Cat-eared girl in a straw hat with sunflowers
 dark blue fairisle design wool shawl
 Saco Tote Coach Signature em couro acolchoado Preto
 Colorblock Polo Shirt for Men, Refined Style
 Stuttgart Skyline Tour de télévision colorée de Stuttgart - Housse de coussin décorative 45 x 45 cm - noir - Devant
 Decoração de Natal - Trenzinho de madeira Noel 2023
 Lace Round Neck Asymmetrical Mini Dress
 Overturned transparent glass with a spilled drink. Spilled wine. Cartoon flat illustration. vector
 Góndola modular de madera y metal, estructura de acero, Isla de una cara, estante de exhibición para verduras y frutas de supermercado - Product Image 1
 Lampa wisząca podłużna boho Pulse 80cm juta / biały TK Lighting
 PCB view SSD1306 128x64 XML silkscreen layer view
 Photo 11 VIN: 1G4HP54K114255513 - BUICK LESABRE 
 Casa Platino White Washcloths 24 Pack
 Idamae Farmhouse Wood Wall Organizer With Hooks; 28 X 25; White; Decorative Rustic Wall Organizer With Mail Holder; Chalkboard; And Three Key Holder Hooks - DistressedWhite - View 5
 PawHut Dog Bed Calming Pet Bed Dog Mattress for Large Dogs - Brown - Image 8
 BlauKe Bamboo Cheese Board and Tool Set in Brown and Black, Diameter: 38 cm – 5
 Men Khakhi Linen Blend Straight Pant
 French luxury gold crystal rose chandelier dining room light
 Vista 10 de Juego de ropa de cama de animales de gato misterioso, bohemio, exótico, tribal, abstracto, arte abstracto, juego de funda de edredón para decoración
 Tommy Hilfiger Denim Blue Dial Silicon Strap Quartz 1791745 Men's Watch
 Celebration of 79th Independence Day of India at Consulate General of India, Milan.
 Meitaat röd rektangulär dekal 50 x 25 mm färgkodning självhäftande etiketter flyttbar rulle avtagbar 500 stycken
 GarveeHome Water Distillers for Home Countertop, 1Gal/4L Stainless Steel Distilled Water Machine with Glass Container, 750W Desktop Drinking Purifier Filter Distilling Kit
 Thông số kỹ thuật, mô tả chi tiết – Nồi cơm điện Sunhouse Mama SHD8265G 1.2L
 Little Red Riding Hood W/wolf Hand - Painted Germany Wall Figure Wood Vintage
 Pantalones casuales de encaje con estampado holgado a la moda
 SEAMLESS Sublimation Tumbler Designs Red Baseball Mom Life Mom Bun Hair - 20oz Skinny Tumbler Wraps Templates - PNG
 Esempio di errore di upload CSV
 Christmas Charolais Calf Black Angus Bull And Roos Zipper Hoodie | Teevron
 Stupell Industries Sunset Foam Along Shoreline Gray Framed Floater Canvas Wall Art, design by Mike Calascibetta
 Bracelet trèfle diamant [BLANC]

________________________

» **WHAT TO WORK ON**
For the string "Black", show each line of the listing where it appears.

» **TASK SOLUTION**
 BlauKe Bamboo Cheese Board and Tool Set in Brown and Black, Diameter: 38 cm – 5
 Christmas Charolais Calf Black Angus Bull And Roos Zipper Hoodie | Teevron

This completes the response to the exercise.